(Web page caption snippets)
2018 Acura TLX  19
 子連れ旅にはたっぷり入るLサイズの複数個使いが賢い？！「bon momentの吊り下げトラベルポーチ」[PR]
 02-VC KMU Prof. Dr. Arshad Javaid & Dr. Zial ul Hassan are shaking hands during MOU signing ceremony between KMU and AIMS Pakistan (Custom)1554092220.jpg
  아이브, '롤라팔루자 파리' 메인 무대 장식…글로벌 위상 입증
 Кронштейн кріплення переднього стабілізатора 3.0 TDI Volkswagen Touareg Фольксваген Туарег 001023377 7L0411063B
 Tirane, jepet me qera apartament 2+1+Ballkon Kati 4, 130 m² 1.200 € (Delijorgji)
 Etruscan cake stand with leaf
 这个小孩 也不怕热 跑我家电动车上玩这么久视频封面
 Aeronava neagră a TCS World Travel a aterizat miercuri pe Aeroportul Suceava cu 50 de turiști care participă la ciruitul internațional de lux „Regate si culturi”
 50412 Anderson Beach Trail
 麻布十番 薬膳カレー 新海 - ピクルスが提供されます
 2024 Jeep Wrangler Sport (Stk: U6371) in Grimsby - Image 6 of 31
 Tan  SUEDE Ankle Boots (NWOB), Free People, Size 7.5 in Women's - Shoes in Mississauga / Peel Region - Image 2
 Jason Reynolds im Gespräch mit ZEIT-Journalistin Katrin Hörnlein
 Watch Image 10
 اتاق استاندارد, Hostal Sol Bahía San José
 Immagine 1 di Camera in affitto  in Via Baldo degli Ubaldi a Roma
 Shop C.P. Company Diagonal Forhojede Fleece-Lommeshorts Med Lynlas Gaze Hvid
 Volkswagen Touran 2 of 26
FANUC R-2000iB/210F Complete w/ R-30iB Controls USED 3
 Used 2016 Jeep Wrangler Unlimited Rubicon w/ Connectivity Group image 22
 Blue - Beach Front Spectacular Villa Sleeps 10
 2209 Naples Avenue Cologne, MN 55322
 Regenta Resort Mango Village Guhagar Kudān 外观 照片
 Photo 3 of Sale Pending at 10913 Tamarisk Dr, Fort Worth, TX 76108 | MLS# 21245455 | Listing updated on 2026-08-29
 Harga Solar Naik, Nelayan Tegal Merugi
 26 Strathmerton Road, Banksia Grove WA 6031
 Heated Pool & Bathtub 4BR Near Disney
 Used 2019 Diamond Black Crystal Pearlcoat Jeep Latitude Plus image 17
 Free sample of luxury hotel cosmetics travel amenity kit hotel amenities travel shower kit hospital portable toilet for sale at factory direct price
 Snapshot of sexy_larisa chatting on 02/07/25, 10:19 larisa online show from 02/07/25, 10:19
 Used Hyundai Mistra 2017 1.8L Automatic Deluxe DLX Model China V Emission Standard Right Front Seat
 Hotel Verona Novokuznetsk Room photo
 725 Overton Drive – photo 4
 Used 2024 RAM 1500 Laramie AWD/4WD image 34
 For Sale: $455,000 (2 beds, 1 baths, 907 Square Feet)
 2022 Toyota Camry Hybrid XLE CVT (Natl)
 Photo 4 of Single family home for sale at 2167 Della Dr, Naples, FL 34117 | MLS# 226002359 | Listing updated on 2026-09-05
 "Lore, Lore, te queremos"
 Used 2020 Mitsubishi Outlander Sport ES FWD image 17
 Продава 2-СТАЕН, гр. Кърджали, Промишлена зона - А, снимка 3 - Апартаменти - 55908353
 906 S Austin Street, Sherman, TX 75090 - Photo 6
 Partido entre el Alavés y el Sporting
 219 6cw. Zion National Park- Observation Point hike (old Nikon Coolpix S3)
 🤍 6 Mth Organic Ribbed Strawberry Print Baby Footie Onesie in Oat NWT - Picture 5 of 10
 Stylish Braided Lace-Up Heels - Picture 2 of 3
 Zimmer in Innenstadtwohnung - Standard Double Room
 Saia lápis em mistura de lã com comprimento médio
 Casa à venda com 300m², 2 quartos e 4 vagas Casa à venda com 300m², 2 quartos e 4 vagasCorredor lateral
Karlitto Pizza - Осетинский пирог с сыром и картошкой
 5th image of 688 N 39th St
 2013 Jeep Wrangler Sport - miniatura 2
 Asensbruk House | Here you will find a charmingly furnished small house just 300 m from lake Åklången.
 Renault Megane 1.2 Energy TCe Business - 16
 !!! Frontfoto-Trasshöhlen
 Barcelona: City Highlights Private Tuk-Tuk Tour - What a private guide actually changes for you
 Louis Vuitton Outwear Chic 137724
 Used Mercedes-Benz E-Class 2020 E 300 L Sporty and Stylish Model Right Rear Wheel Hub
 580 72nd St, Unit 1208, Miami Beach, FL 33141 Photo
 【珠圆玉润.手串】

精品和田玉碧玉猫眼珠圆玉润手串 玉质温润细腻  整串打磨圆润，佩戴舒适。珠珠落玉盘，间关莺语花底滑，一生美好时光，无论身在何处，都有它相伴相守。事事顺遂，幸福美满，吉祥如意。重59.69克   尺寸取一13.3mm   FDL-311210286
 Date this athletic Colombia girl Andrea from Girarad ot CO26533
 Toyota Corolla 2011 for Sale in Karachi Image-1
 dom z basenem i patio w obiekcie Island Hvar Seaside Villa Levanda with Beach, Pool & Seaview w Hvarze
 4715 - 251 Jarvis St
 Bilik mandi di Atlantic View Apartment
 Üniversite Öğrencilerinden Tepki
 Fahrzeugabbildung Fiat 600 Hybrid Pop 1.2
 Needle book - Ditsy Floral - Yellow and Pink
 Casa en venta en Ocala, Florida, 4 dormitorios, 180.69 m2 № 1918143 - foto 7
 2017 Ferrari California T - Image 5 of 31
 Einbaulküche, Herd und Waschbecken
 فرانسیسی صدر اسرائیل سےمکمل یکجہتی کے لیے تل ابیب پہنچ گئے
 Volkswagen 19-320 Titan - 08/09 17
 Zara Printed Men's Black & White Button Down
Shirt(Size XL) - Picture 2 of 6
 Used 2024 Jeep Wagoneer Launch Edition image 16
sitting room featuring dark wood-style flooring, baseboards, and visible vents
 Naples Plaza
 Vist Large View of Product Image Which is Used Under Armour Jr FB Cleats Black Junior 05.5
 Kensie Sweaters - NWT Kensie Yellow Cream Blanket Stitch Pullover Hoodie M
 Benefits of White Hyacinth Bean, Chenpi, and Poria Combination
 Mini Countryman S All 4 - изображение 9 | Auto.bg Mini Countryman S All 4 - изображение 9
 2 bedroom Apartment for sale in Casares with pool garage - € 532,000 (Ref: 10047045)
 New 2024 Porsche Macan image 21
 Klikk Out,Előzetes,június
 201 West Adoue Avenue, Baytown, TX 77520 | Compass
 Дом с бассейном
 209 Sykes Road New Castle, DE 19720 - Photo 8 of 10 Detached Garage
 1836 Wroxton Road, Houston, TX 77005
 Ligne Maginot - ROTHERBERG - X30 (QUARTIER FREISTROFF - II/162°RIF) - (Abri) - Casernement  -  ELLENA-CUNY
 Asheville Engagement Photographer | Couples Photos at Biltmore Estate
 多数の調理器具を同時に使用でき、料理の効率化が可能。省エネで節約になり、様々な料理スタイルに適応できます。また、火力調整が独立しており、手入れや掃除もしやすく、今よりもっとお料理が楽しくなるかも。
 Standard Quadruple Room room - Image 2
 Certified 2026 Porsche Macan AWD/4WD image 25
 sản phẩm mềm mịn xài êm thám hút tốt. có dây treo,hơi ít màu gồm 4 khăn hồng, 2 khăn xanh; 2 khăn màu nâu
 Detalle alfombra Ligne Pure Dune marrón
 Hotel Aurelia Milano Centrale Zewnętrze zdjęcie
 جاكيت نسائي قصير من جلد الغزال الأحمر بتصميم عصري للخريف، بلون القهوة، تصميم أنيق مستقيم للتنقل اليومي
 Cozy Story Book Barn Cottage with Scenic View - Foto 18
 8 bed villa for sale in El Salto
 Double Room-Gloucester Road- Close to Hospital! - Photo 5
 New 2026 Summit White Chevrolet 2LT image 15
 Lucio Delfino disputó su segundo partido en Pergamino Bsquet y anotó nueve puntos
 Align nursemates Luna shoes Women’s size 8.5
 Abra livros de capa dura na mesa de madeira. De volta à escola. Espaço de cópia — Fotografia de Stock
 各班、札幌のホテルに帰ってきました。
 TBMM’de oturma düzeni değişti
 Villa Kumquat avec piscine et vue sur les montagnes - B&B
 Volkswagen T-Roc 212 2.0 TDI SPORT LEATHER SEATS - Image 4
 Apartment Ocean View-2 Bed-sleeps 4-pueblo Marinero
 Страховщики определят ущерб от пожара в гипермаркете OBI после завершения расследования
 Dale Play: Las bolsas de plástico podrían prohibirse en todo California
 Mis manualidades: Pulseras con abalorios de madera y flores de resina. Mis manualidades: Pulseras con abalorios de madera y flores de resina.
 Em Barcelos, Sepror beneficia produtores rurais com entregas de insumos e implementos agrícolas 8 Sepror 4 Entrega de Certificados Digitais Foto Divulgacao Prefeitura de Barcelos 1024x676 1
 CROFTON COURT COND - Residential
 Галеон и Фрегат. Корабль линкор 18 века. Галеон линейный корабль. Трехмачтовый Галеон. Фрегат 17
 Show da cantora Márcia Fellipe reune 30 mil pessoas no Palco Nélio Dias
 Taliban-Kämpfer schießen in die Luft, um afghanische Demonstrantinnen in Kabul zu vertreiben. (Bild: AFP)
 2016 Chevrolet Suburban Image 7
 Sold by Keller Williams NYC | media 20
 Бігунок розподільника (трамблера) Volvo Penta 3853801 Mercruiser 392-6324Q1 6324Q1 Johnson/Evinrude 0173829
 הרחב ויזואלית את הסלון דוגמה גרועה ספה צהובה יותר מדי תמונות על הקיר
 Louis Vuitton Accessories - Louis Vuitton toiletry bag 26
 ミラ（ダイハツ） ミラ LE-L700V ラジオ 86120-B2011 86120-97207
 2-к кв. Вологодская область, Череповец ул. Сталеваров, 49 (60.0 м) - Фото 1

■ **Exercise**: With "Listing" as the search string, filter the records and return each line that has it.

■ **Task answer**:
 Photo 3 of Sale Pending at 10913 Tamarisk Dr, Fort Worth, TX 76108 | MLS# 21245455 | Listing updated on 2026-08-29
 Photo 4 of Single family home for sale at 2167 Della Dr, Naples, FL 34117 | MLS# 226002359 | Listing updated on 2026-09-05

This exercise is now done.